- [WHAT YOU SHOULD DO]
Where the data below begins, start duplicating lines exactly, and finish with the line containing "x seven ISHIGAKI設有開放式廚房與吧檯空間，搭配玻璃酒杯吊架與陽光灑落的客廳座位區，溫馨又實用。"; add nothing else. Leave the pictures out.

[Scraped caption text data]
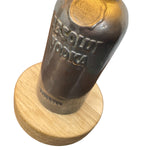 Load image into Gallery viewer, A vintage Absolut Vodka glass bottle mounted on a round light wood base, shown against a plain white background.
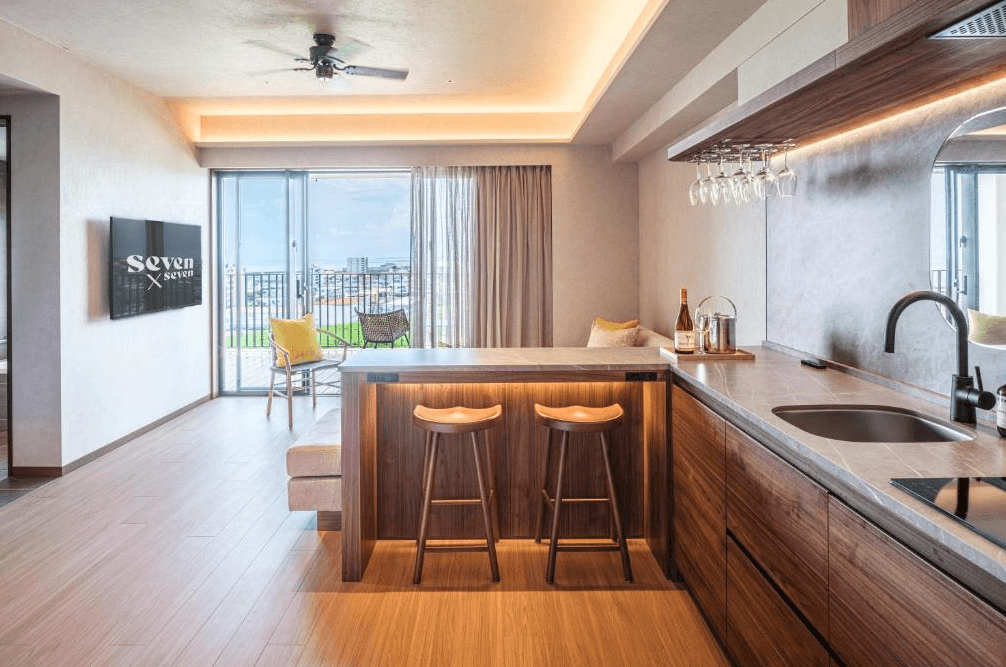 【石垣島住宿】seven x seven ISHIGAKI設有開放式廚房與吧檯空間，搭配玻璃酒杯吊架與陽光灑落的客廳座位區，溫馨又實用。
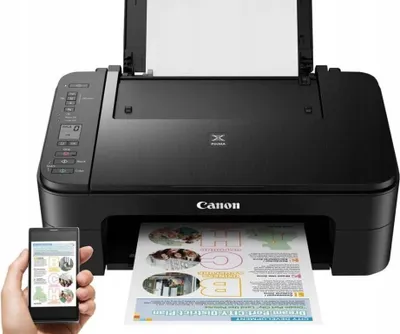 A black Canon Pixma TS3350 printer is shown with a printed document emerging from the output tray. A hand holds a smartphone displaying what appears to be a printer interface or app, suggesting wireless connectivity and control.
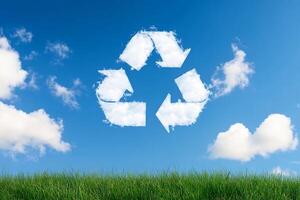 Recycling symbol on grass with blue sky and clouds photo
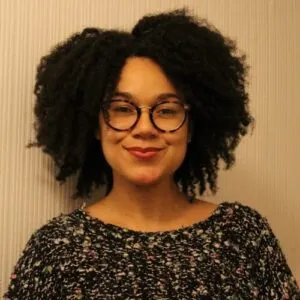 Francesca Sobande smiling at the camera, she is wearing glasses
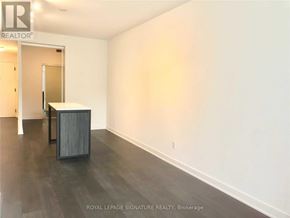 Toronto (Waterfront Communities) condo for rent - A room with a wooden floor and white walls, with a doorway leading to another room.
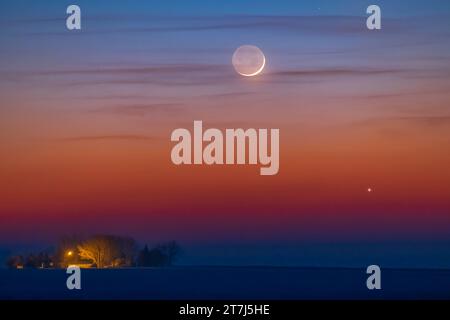 La sottile luna a mezzaluna di un giorno, appena sopra Giove, ambientata la sera del 22 marzo 2023. Il bagliore Earthshine è evidente sul lato oscuro di Foto Stock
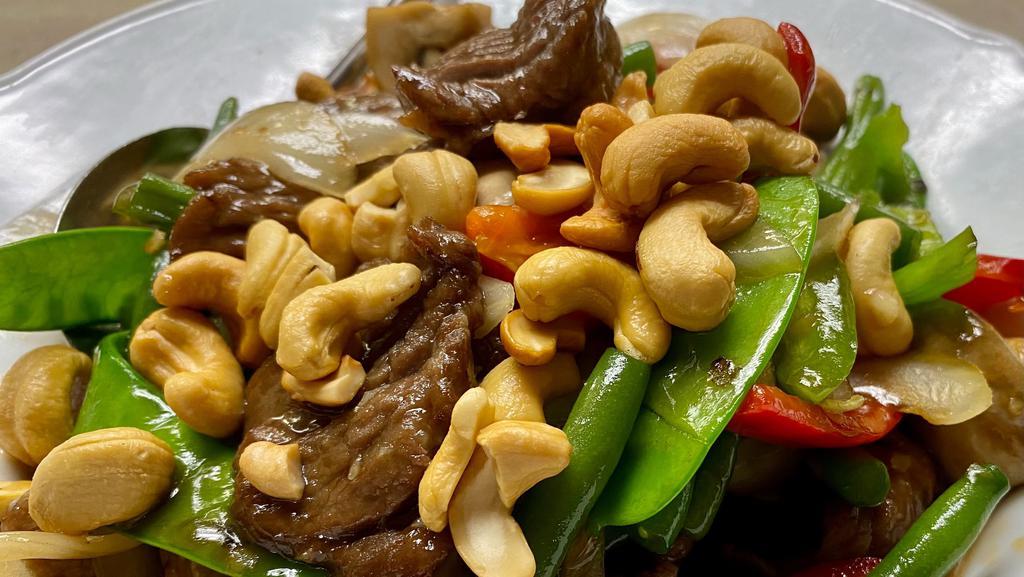 Cashews · Carrots onions white mushrooms snow peas bell peppers and cashew nuts (cashew beef has no carrots and is not spicy)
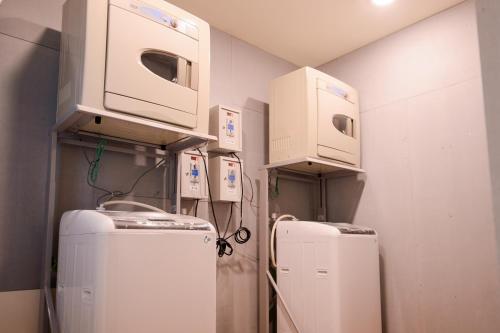 a room with two refrigerators and boxes on the wall at KIWI-Taichung Station Branch 1 in Taichung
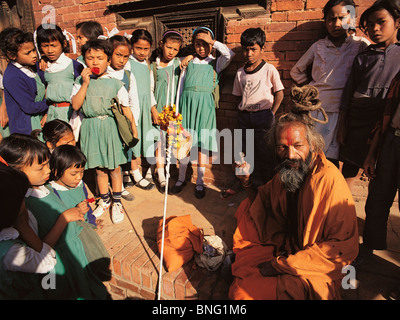 Allievi di Patan, Nepal, raccogliersi attorno a un Indù uomo santo o saddhu Foto Stock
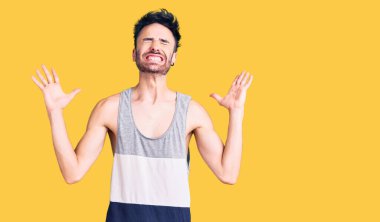 Gündelik kıyafetler giyen genç İspanyol adam başarı için deli ve çılgınlığı kutluyor kollarını kaldırmış ve gözlerini kapatmış heyecanla bağırıyor. Kazanan konsept 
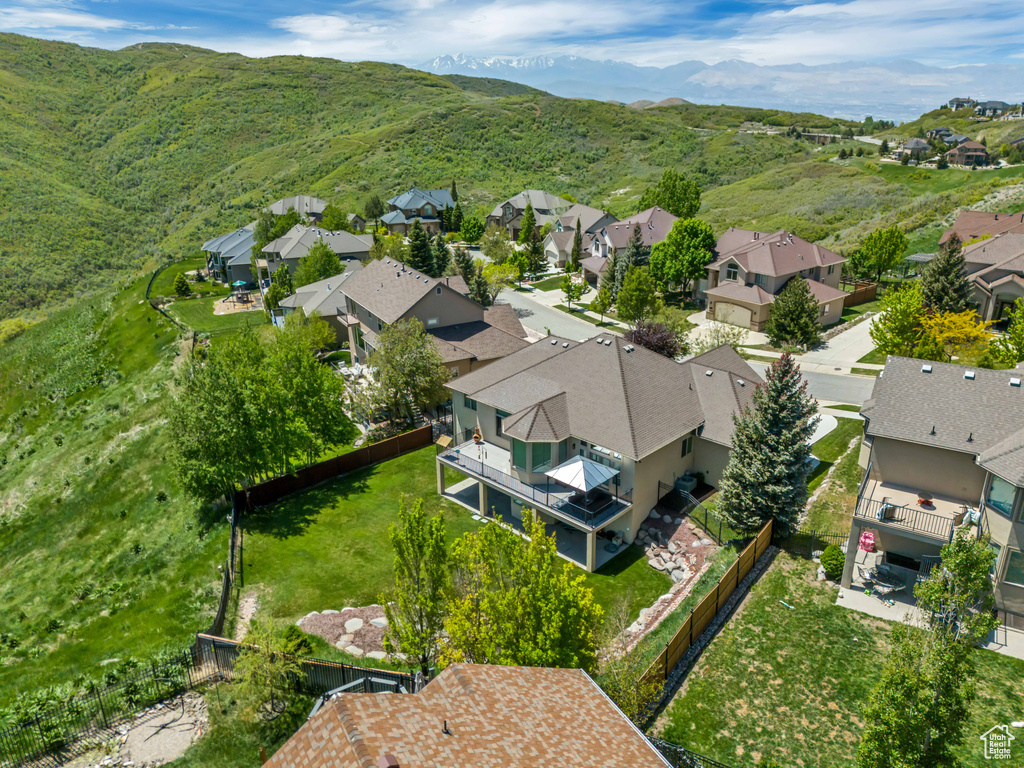Aerial perspective of suburban area with mountains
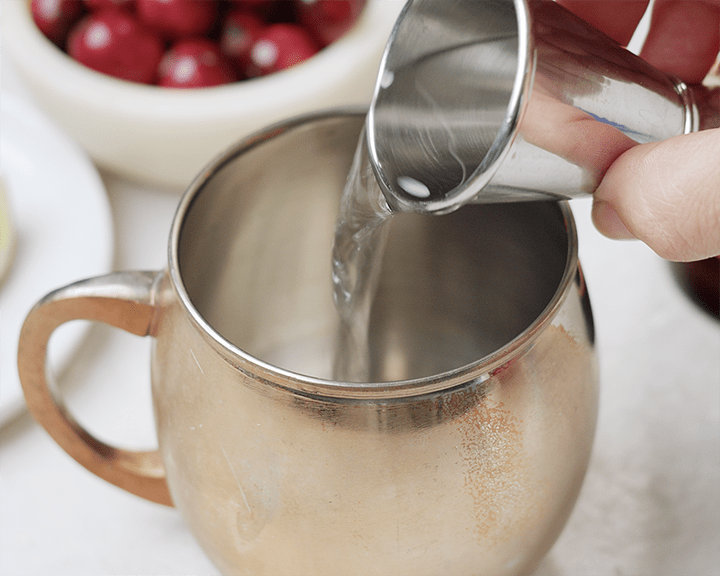 Pouring vodka into a copper mug.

- [ANSWER TO THE EXERCISE]
 Load image into Gallery viewer, A vintage Absolut Vodka glass bottle mounted on a round light wood base, shown against a plain white background.
 【石垣島住宿】seven x seven ISHIGAKI設有開放式廚房與吧檯空間，搭配玻璃酒杯吊架與陽光灑落的客廳座位區，溫馨又實用。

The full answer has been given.